Por eso Manuel no pudo olvidar nunca a María, la chica que le regaló una de las mayores alegrías de su vida: dos castísimos besos de despedida, en un viejo tren, cuya última estación era toda una incógnita para el muchacho.

Son casi las cinco de la tarde y no puedo despegarme del televisor porque la historia que cuenta Manuel está llena de hermosos recuerdos, en un contexto absolutamente infame. Es historia de España viva y, lo más emocionante, este hombre ha mantenido la mirada clara y franca del que no ha perdido la capacidad de amar. No advierto ningún detalle que exprese odio o resentimiento hacia lo que le tocó vivir.

Para redondear su interesante historia resulta que este hombre no llegó a Melilla, sino que escapó de sus carceleros y pudo pasar a la zona francesa en Marruecos. Según dice con una ancha sonrisa: cantando La Internacional.
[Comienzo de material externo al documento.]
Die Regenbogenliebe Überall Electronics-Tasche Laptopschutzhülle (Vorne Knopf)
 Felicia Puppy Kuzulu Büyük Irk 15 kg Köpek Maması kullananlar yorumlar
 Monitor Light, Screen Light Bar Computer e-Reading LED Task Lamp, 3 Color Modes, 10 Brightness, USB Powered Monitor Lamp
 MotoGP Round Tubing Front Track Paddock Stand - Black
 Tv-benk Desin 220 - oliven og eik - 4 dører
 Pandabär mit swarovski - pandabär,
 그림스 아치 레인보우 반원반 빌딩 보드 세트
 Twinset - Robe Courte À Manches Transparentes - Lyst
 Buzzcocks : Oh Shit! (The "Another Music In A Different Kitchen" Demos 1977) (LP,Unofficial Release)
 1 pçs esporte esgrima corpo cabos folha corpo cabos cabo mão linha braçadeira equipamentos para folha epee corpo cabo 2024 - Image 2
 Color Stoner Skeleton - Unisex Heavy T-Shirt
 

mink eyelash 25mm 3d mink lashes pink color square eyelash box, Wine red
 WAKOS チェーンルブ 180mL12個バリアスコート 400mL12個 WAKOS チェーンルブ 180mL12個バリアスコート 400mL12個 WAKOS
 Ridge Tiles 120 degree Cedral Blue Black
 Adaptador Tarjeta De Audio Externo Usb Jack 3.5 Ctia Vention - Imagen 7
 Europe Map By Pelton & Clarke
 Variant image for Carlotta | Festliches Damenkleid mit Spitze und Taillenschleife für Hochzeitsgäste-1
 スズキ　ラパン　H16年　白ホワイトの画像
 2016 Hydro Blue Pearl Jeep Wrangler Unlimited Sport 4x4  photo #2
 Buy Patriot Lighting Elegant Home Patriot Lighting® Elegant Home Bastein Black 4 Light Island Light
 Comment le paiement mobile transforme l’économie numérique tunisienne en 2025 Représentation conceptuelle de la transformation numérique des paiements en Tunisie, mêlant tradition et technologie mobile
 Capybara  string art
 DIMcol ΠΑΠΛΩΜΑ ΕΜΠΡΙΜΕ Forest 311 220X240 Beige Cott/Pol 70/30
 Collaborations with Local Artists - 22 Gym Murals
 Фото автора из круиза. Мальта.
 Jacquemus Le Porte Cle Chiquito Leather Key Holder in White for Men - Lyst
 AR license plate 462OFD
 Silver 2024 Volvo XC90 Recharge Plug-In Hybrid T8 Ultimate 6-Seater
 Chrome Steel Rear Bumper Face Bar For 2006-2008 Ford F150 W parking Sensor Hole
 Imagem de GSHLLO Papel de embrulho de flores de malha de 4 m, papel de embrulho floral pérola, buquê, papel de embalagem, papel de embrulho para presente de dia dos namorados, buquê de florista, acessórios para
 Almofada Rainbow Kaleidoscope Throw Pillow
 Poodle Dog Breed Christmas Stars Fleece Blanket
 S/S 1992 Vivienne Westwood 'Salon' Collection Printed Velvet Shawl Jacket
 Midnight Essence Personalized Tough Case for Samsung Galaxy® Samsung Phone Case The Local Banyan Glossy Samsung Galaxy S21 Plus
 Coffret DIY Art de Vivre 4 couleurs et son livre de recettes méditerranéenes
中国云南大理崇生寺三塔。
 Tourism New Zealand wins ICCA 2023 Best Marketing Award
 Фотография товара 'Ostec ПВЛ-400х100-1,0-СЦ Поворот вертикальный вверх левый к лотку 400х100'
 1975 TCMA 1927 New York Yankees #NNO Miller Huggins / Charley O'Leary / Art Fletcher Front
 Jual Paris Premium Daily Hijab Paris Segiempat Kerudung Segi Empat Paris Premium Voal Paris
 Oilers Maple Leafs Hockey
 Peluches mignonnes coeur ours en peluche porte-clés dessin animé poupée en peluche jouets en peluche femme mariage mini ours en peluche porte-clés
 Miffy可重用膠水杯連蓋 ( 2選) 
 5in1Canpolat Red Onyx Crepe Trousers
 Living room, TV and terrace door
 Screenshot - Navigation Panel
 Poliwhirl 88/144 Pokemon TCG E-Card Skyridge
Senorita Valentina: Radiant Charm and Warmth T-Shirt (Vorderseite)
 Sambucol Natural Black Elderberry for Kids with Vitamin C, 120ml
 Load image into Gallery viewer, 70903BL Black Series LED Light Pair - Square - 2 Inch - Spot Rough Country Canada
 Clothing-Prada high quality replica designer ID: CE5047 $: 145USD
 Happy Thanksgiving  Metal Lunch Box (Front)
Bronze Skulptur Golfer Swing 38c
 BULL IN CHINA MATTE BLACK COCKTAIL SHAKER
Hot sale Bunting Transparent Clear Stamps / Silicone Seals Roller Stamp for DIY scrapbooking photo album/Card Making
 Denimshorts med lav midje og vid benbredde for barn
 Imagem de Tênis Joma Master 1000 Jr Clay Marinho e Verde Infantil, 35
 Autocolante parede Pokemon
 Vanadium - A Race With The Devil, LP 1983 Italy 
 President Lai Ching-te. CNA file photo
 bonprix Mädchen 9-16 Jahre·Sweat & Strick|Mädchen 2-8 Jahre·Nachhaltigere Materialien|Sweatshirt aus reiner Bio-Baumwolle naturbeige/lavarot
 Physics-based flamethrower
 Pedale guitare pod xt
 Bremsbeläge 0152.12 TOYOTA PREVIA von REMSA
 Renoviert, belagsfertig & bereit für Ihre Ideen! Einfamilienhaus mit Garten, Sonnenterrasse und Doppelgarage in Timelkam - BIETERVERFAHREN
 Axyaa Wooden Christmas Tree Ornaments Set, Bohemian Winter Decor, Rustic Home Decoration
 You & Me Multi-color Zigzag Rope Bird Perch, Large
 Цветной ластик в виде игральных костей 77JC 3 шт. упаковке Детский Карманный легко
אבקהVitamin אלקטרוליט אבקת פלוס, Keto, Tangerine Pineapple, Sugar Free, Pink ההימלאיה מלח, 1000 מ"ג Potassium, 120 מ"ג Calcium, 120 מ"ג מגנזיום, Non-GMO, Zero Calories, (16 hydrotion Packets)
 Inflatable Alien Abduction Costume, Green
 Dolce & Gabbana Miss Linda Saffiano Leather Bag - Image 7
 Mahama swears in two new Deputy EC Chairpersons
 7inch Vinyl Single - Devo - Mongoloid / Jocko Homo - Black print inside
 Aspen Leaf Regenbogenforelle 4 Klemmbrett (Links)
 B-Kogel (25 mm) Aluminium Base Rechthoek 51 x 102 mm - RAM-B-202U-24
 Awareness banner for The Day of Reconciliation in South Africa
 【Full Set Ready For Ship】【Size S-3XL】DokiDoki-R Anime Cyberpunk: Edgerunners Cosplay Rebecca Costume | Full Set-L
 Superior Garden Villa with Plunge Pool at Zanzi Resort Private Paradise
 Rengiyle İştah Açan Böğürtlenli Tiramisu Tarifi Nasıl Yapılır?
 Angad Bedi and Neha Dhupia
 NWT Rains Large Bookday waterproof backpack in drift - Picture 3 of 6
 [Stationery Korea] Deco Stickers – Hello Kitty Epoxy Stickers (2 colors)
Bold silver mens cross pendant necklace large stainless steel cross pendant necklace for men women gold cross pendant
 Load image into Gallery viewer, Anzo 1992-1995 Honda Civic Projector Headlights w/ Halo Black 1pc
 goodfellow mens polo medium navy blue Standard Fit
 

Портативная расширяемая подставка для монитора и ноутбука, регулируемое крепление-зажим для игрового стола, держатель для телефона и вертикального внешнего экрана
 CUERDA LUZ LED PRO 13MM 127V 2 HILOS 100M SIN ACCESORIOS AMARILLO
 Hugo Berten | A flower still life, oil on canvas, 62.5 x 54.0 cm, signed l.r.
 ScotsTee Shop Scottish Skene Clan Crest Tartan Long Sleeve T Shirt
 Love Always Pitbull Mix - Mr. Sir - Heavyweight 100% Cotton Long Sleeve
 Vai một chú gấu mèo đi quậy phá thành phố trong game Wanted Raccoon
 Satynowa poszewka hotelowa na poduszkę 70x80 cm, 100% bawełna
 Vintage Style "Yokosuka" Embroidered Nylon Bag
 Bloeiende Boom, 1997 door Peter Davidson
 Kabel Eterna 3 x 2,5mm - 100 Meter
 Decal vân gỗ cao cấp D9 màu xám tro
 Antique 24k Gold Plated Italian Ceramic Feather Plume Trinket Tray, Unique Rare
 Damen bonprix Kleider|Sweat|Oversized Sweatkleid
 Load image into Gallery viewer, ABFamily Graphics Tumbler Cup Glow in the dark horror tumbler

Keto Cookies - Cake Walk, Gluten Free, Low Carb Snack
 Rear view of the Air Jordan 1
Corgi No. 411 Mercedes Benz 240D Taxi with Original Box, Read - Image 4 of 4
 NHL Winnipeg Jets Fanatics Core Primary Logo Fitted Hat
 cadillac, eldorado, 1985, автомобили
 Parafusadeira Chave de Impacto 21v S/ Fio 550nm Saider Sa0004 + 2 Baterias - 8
Vivió varios años en ese país y después emigró a Canadá donde aún vive su único hijo. Con el beneplácito de su esposa, volvió a España jubilado y dispuesto a encontrar a María, la primera mujer de su vida. Y la encontró, vaya si la encontró. Movió cielos y tierra, hasta dar con ella. Se volvieron a ver en Jaén una hermosa noche de primavera. Ambos eran ya maduros. Ella viuda, él casado con una gran mujer, que siempre supo de la existencia de ese amor romántico y que se sentó junto a ellos en una terraza a celebrar el encuentro con otros dos besos y una suculenta cena.

Hoy Manuel hace una llamada a María desde las pantallas. Ignora si sigue viva, quizás…, quién sabe, puede ser que la edad haya borrado de su memoria esa hermosa historia de un amor nunca consumado. Pero él, en su fuero interno, aún conserva la esperanza… Y si no, aún le queda amor para una mujer que sea culta, ágil y quiera seguir viaje con él.